Des discussions en ce sens avaient été engagées en 2016-2017 à l’initiative du ministère de l’environnement, mais abandonnées au dernier moment sous la pression des lobbies agro-industriels. Rappelons aussi que, le 26 juin, le Conseil d’Etat a cassé partiellement l’arrêté du 4 mai 2017 relatif à la mise sur le marché et à l’utilisation des produits phytopharmaceutiques, parce que certaines dispositions étaient insuffisamment protectrices et qu’il ne prévoyait « aucune mesure générale destinée à protéger les riverains des zones agricoles traitées ». Il est fondé de parler ici d’une carence fautive de l’Etat.
Infraction gravissime
À l’issue d’une procédure contentieuse engagée par la préfète d’Ille-et-Vilaine, représentant par définition l’Etat français, l’arrêté municipal de Langouët a été suspendu mardi 27 août par le tribunal administratif de Rennes. Les motivations de la décision sont contestables. Quelle est la cohérence des pouvoirs publics lorsque le président de la République lui-même déclare formellement être d’accord avec l’objectif de Langouët, mais tergiverse, ne prend aucune mesure nationale, et laisse ses services déconcentrés bloquer une décision qui va dans le sens de l’histoire ?
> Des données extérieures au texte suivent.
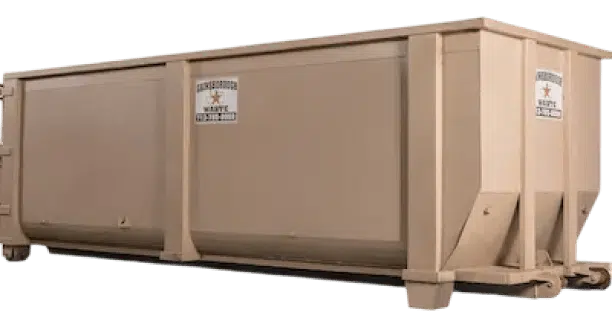 Roll Off Dumpster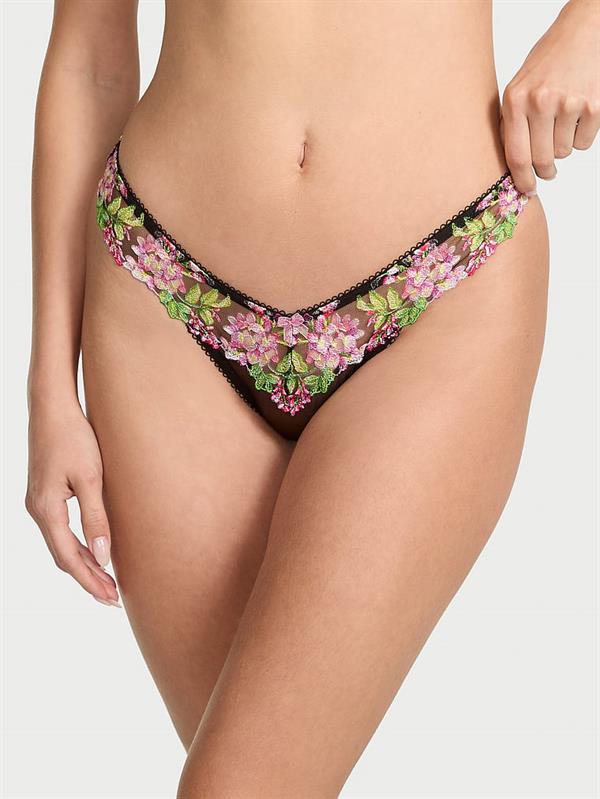 Cicek Islemeli Brazilian Kulot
Il n’est pas anodin de constater que 96 % des Français soutiennent la décision de Daniel Cueff, selon un sondage IFOP Agir pour l’environnement réalisé en août. Ils sont bien conscients de la réalité des campagnes françaises : les terres agricoles et les lieux de vie des ruraux ne sont pas disjoints dans deux univers hermétiques et virtuels. Parcelles agricoles et habitations, champs et écoles, cultures et villages sont intimement imbriqués et forment une mosaïque. Qui oserait prétendre que l’emploi des pesticides de synthèse serait sans danger pour les riverains ?
Tout agriculteur sait pertinemment que l’utilisation de ces produits impose des mesures drastiques de protection, en particulier un tracteur avec une « cabine » parfaitement hermétique pour empêcher strictement tout contact avec le nuage de pulvérisation. Ces produits sont autorisés, mais dangereux, et l’utilisateur doit se protéger rigoureusement. Comment fermer les yeux sur le fait que les riverains sont exposés au même nuage de pulvérisation, mais sans la moindre protection ? Comment évacuer cette infraction gravissime aux obligations de protection sanitaire des citoyens ?
Bandes tampons
Il ne peut pas être question de confiner l’agriculture dans quelques territoires limités, pas plus que d’interdire d’habiter et de vivre à la campagne ! Le pragmatisme impose d’encadrer bien plus précisément l’usage des pesticides agricoles. L’une des réponses possibles est l’instauration de bandes tampons, comme l’a proposé la commune de Langouët, mais également une vingtaine d’autres municipalités françaises. Il va de soi que ce changement de pratiques sur une partie de leurs champs ne sera pas simple pour certains agriculteurs, et qu’il faudra accompagner cette disposition.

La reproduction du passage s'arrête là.